Si desde hace varios años, por
estas fechas, suelo yo escribir de los parados, cómo no iba
a hacerlo en este 2009 del que no cesan de decirnos que será
mareante el número de desempleados. Como si no merecieran
tal calificativo las cifras ya existentes: tres millones de
personas sin trabajo.
Todo un drama que se instala en innumerables hogares y que
cambia la vida de incontables familias. Del pánico de los
parados se suele hablar poco y quienes lo hacen, a veces, no
son precisamente personas que hayan pasado por semejante
trance. Un mal trance cuya dureza deja heridas que ni el
paso del tiempo consigue cicatrizarlas debidamente.
Vivir como parado no es vivir. Es una situación que
desasosiega a quien se queda sin empleo. Resulta tristemente
trivial en insistir en la transformación que sufren las
personas condenadas a salir cada mañana a la búsqueda de un
trabajo.
Porque más allá de la inquietud material, el hombre privado
de trabajo experimenta una angustia indecible. Se vuelve
huraño, irritable, susceptible... Se le acumulan los
culpables de su mala situación; duda de sí mismo y de su
capacidad. Y un malestar bronco se va apoderando de él.
Todo ello lo pone en disposición de sentirse aludido ante
cualquier comentario. Y, claro, salta a las primeras de
cambio, herido en su amor propio, consiguiendo que a su
alrededor estallen las discusiones por cualquier quítame
allá esas pajas. Los hay, no pocos, que tienen un concepto
muy distinto de quienes están en el paro.
Pues uno que lo ha vivido, aún recuerda de aquel tiempo la
cola ominosa que se formaba ante la oficina donde se acudía
a cobrar el subsidio de desempleo. Y cómo la gente pasaba y
se quedaba mirando despectivamente a los componentes de la
fila. Los había cuyas miradas parecían destilar veneno
contra quienes dependíamos, en esos momentos, sólo de la
ayuda económica.
Un hombre sin trabajo va de un lado a otro por la casa como
un perro abandonado. Y sale a la búsqueda de un empleo cada
día y cada día que pasa sin encontrarlo regresa a su
domicilio convertido en un fracaso. Un fracaso diario que
sólo puede paliar en gran medida su mujer. Los hay que
tienen suerte, pero otros perciben la más absoluta soledad.

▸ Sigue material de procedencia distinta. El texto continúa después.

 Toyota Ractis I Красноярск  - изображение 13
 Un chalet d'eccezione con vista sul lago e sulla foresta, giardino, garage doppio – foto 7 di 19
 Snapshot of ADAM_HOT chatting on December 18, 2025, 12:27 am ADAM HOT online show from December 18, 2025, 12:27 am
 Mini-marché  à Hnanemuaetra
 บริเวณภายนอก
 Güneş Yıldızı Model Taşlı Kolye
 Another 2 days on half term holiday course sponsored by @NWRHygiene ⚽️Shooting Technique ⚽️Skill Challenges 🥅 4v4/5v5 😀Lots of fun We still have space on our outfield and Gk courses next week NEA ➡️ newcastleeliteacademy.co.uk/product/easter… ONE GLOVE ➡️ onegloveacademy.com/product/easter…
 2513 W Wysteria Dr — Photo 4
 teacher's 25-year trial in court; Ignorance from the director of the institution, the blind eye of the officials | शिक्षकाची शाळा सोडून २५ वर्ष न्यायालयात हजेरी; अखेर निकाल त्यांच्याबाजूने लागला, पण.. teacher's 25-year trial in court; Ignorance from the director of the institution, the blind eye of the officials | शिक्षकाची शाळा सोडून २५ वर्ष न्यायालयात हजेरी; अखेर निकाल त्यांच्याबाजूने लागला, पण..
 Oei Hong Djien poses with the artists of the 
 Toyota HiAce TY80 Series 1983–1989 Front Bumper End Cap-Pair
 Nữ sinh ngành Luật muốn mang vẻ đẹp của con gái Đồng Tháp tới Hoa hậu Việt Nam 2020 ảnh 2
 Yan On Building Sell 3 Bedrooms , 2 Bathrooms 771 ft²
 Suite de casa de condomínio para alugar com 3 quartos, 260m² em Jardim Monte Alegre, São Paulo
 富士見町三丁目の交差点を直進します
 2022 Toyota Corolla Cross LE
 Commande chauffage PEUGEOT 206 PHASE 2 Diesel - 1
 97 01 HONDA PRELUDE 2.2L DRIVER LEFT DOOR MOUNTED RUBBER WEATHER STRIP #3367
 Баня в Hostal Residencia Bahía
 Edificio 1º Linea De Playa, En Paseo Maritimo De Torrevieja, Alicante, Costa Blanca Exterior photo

Y llegan a un punto en que no saben lo que hacer. Y aunque
la mejor recomendación sea que guarden la cordura y procuren
adaptar la vida a las circunstancias negativas por las que
atraviesan, no todas las personas consiguen mantener la
calma.
Un varón sin trabajo se siente casi emasculado. O sea, como
si estuviera castrado. No olvidemos que el mundo del trabajo
ha sido concebido, organizado y construido por los hombres.
Y hasta hace nada, éramos nosotros los que controlábamos
casi exclusivamente su funcionamiento, arrogándonos todos
los mandos. Las mujeres trabajaban, ciertamente, pero en la
casa. Eran muy pocas las que tenían acceso a las
responsabilidades.
El martes pasado, un hombre se acercó a mí para decirme que
si podía interceder por él ante una autoridad con
posibilidades de colocarle. Y, mientras me explicaba su
situación de parado, pude comprobar que su mirada estaba
asediada por la tristeza. Por la inseguridad y por un miedo
irracional: El pánico de los parados.